■ **Supplied data**:
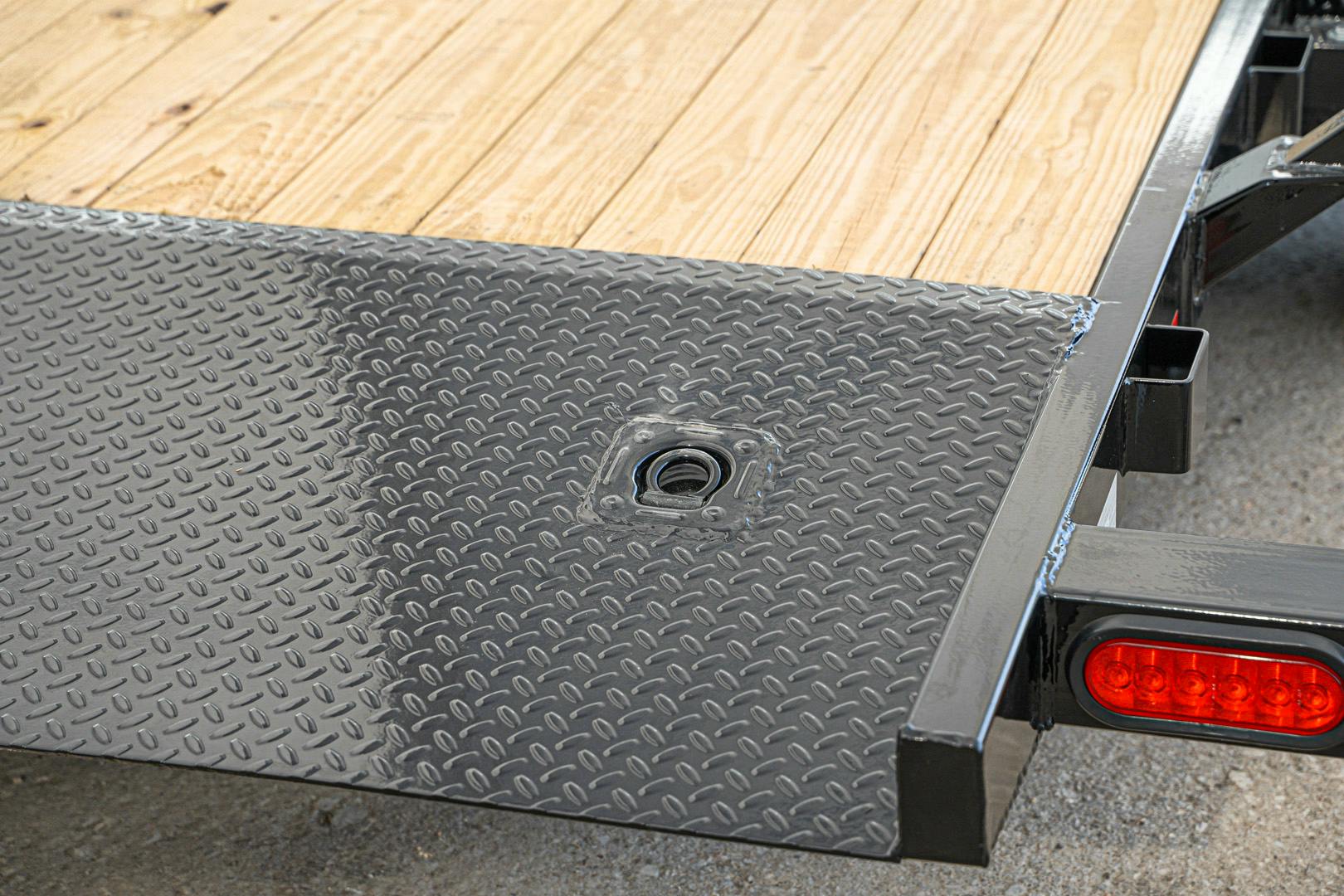 PJ Trailers 13'x81" Single Axle Hydraulic Gravity Tilt Trailer (T1) - Image 10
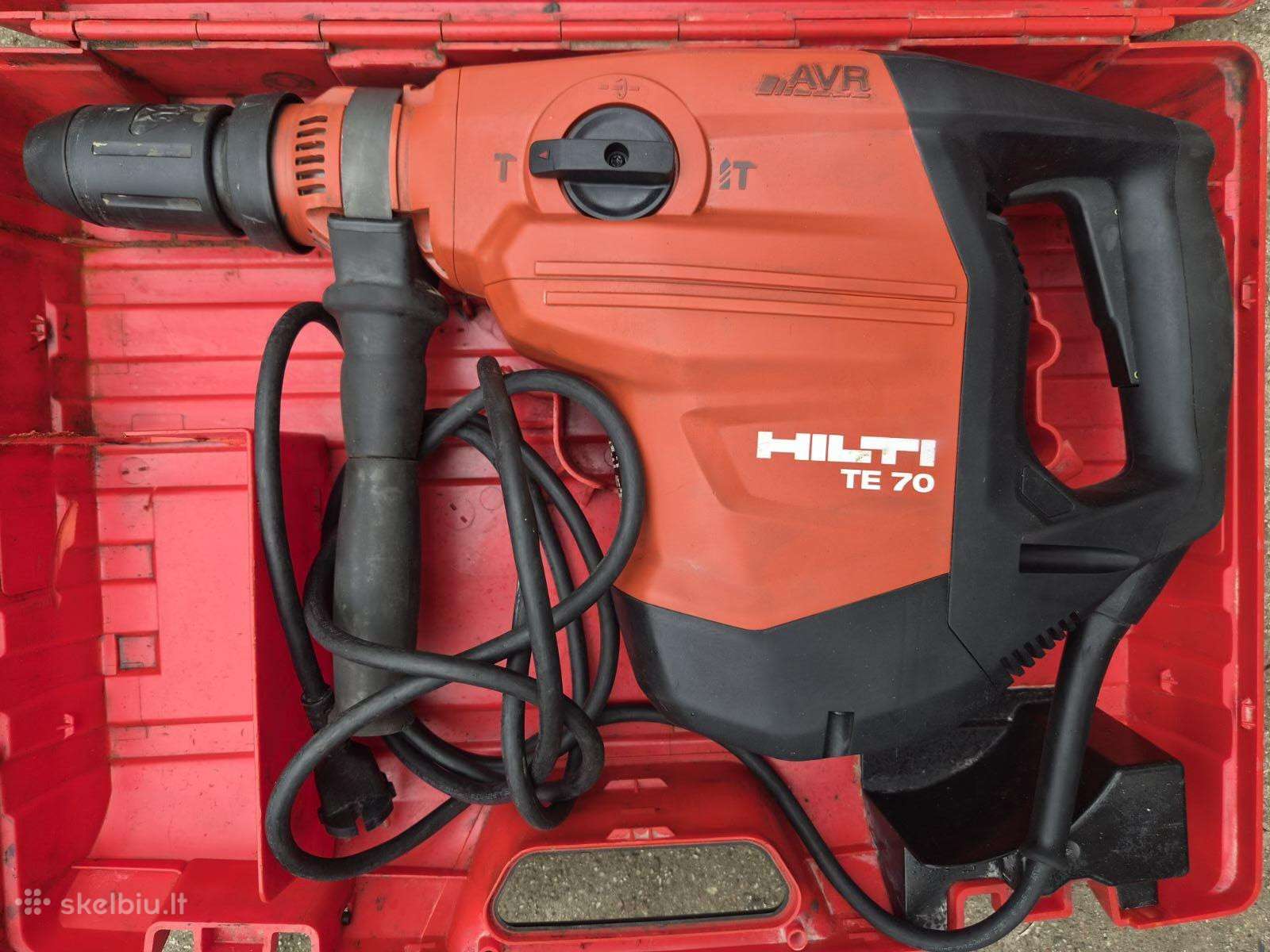 Perforatorius Hilti Te70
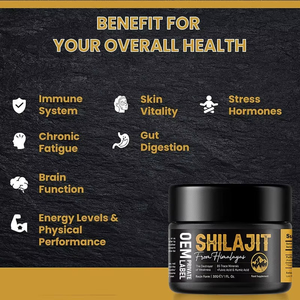 Resina de Shilajit del Himalaya 100% Original de Primera Calidad, Rica en Ácido Fúlvico y Más de 85 Minerales Traza para Energía y Apoyo Inmunológico - Product Image 4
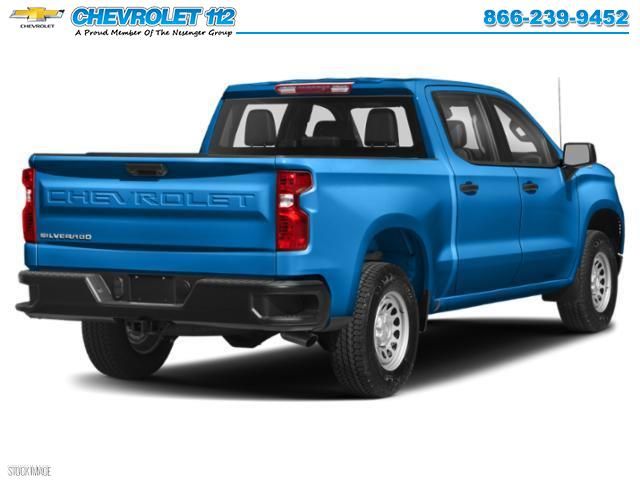 2024 Chevrolet Silverado 1500 Custom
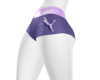 GRAPE MINI SHORTS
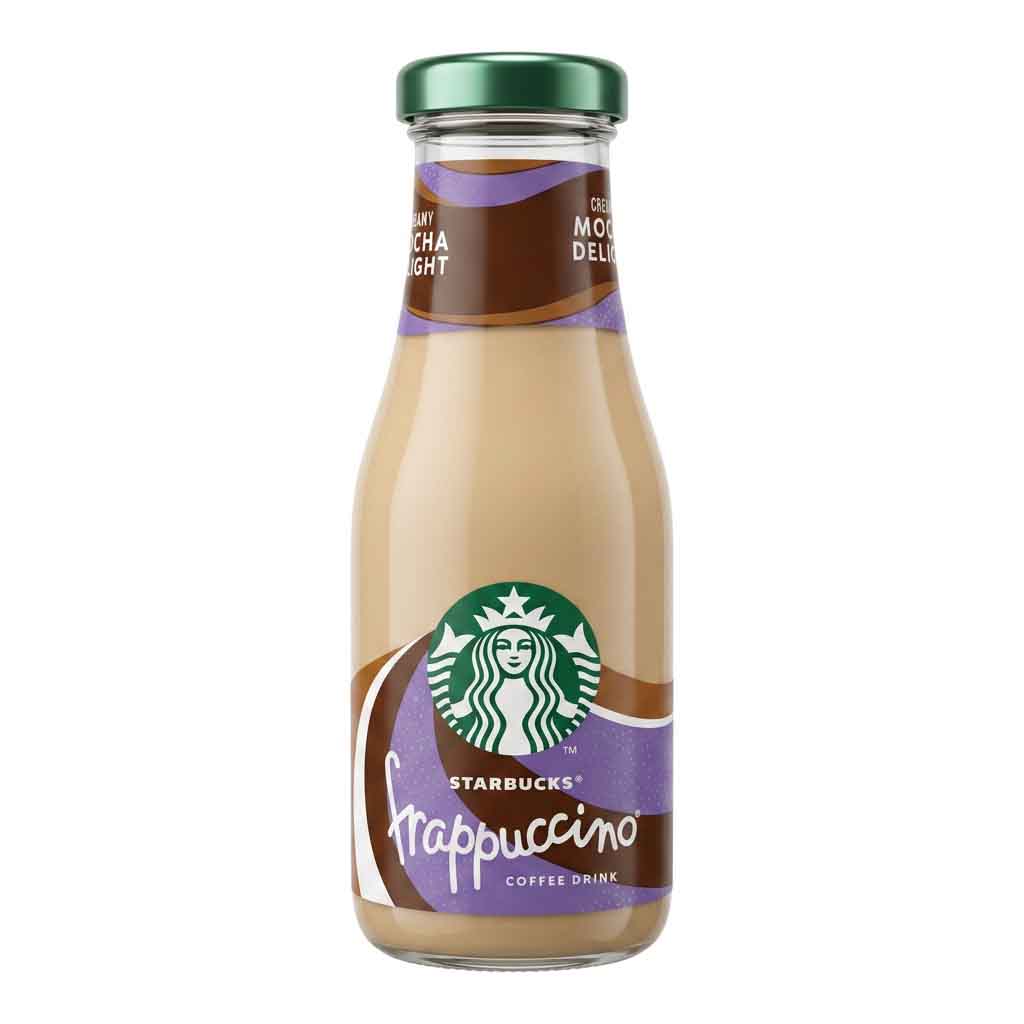 Trappuccino, Kaffeegetränk, Starbucks, Kaffeegetränk, Trinkflasche?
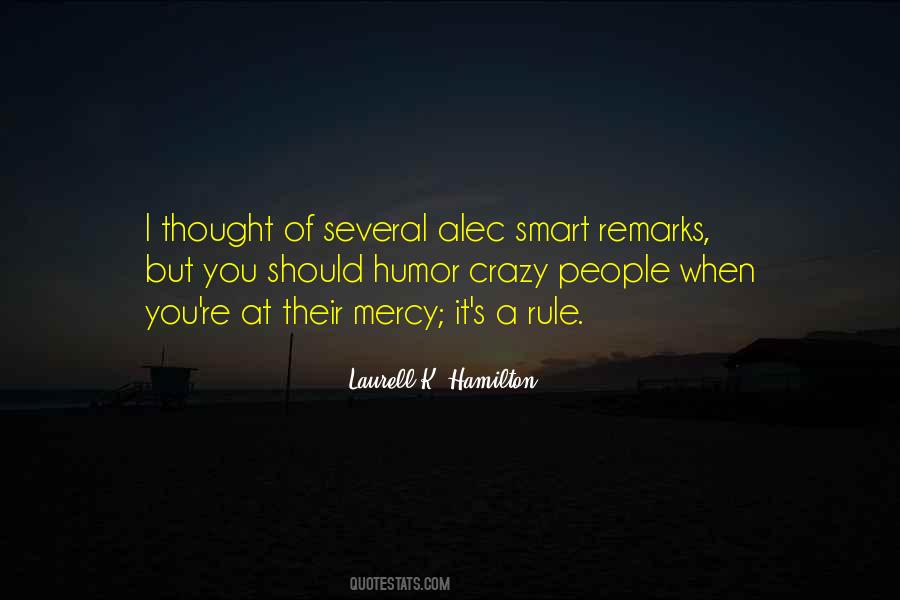 Smart Alec Quotes #972579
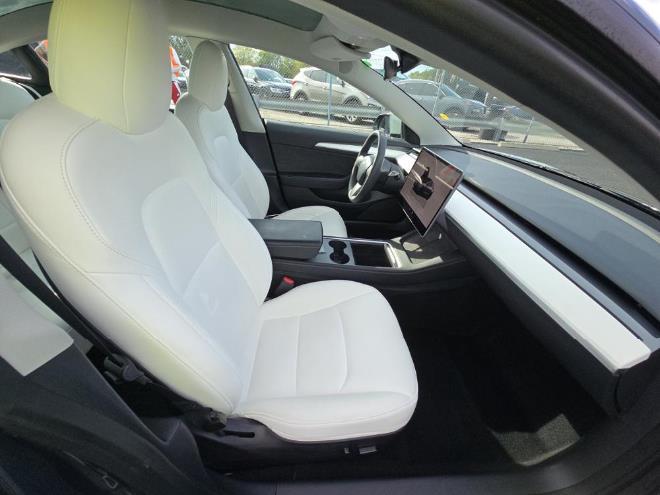 used 2023 Tesla Model 3 car, priced at $25,999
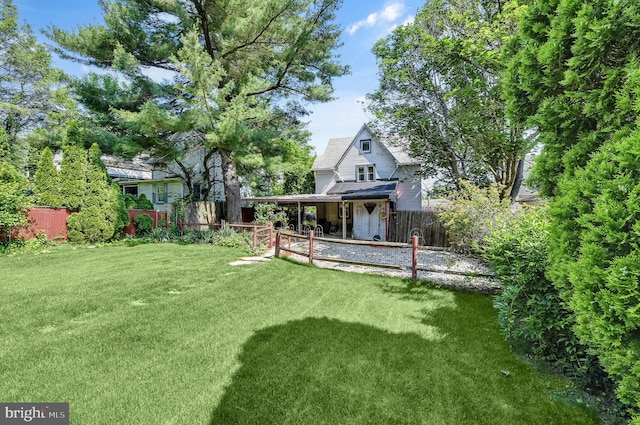2942 Oley Turnpike Rd, Reading, PA 19606 - view of yard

■ **Action item**: Without any of its pictures, the listing is to be repeated exactly as it stands.

■ **Solved exercise**:
 PJ Trailers 13'x81" Single Axle Hydraulic Gravity Tilt Trailer (T1) - Image 10
 Perforatorius Hilti Te70
 Resina de Shilajit del Himalaya 100% Original de Primera Calidad, Rica en Ácido Fúlvico y Más de 85 Minerales Traza para Energía y Apoyo Inmunológico - Product Image 4
 2024 Chevrolet Silverado 1500 Custom
 GRAPE MINI SHORTS
 Trappuccino, Kaffeegetränk, Starbucks, Kaffeegetränk, Trinkflasche?
 Smart Alec Quotes #972579
 used 2023 Tesla Model 3 car, priced at $25,999
2942 Oley Turnpike Rd, Reading, PA 19606 - view of yard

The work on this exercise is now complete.